What you are asked to do
Would you output all the lines below precisely as they stand, leaving each picture out?

Dataset excerpt

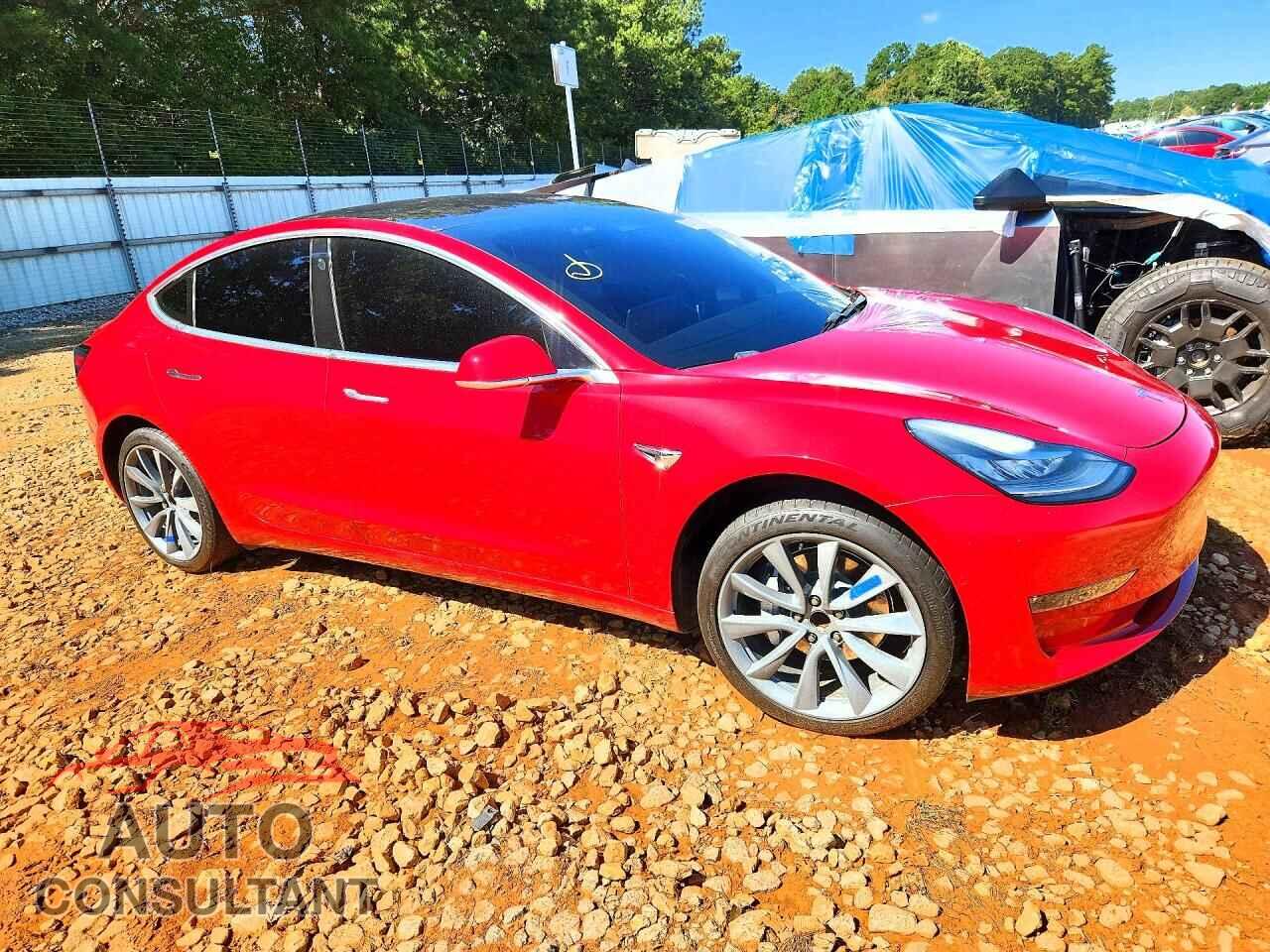 TESLA MODEL 3 2018 - 5YJ3E1EA3JF015438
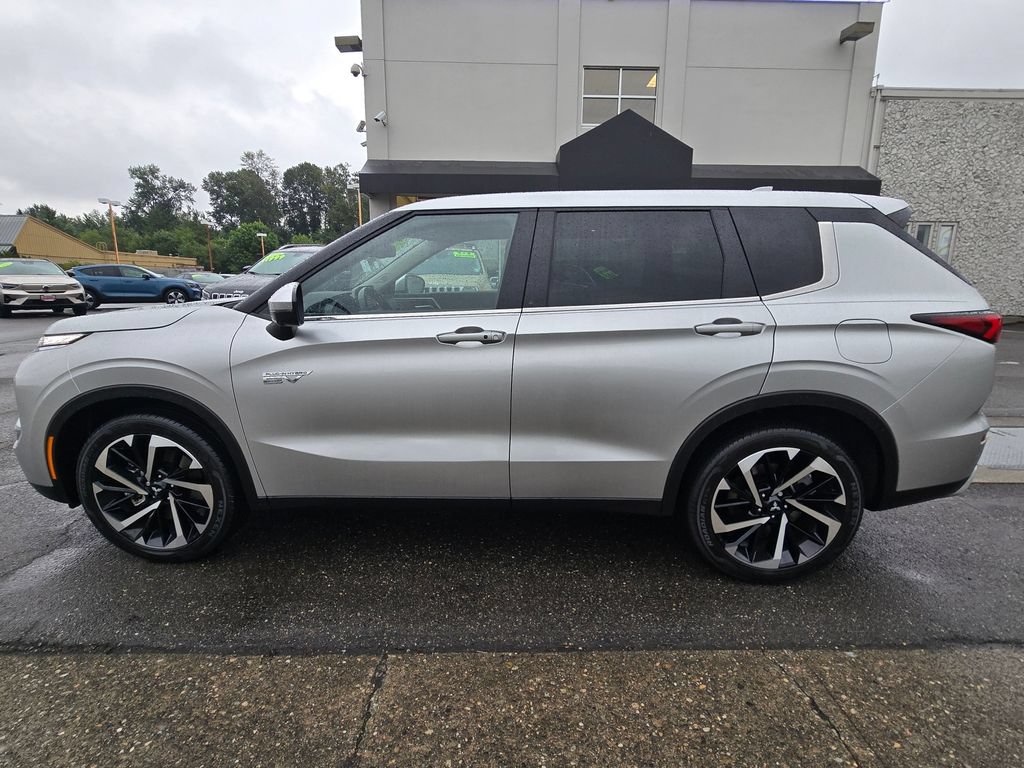 Used 2023 Mitsubishi Outlander 4WD Plug-In Hybrid image 9
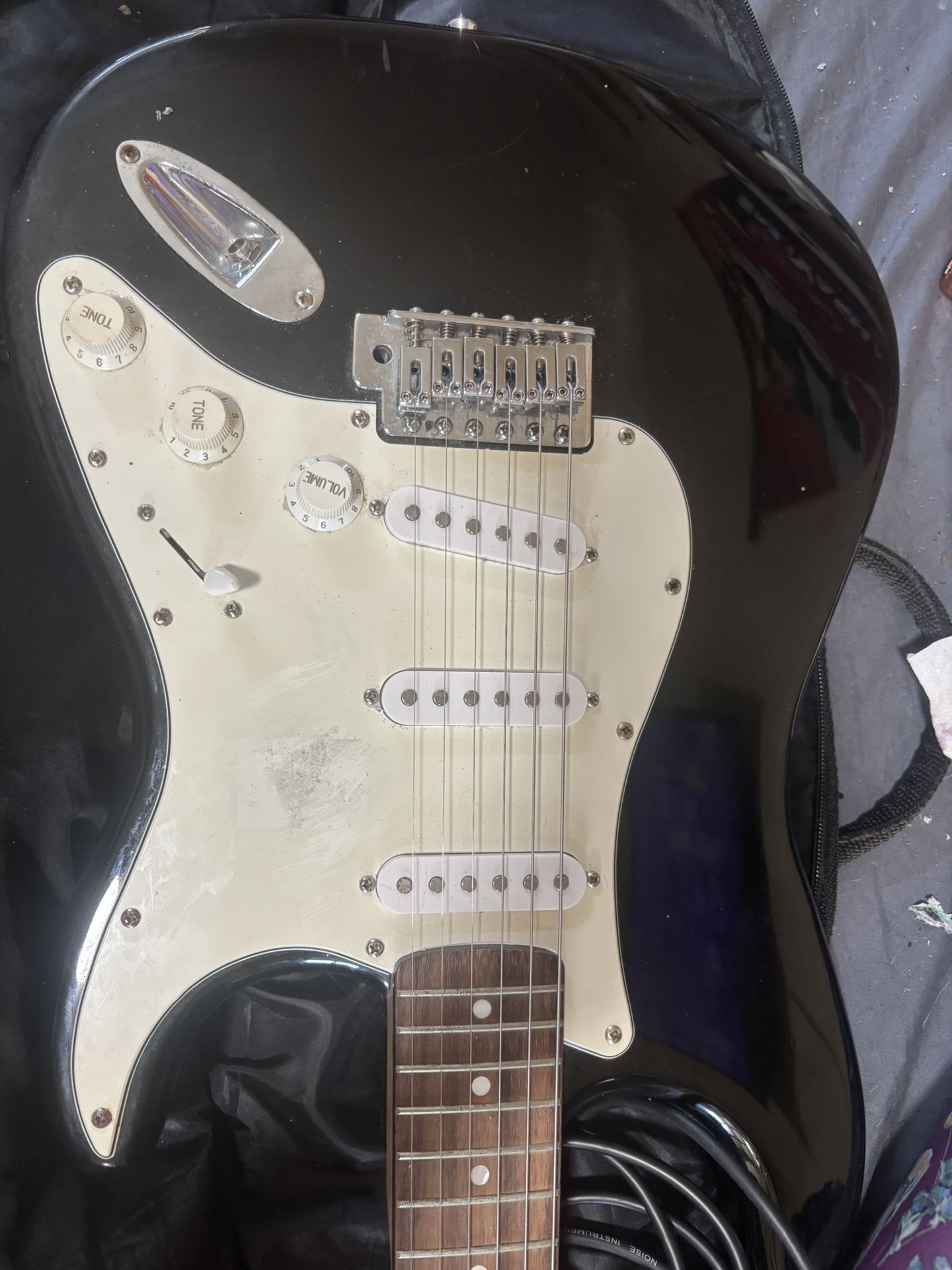 Fender Squier Strat And Soft Gator Case Guitar And Headphones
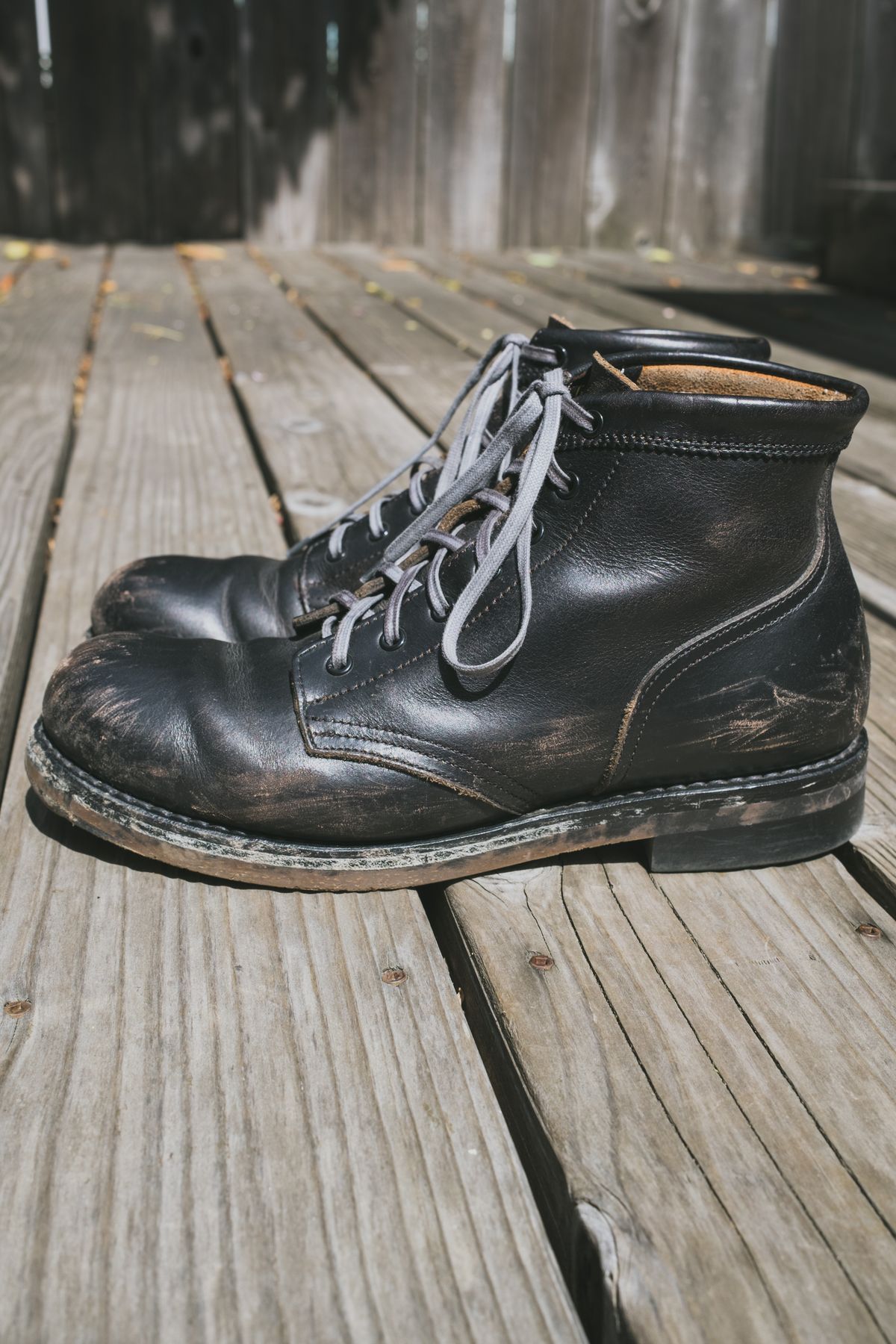 Photo by subvers.drip on April 6, 2022 of the Rolling Dub Trio Coupen 7 in Horween Black Vegetable Tanned Teacore Dressner.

Your solution
 TESLA MODEL 3 2018 - 5YJ3E1EA3JF015438
 Used 2023 Mitsubishi Outlander 4WD Plug-In Hybrid image 9
 Fender Squier Strat And Soft Gator Case Guitar And Headphones
 Photo by subvers.drip on April 6, 2022 of the Rolling Dub Trio Coupen 7 in Horween Black Vegetable Tanned Teacore Dressner.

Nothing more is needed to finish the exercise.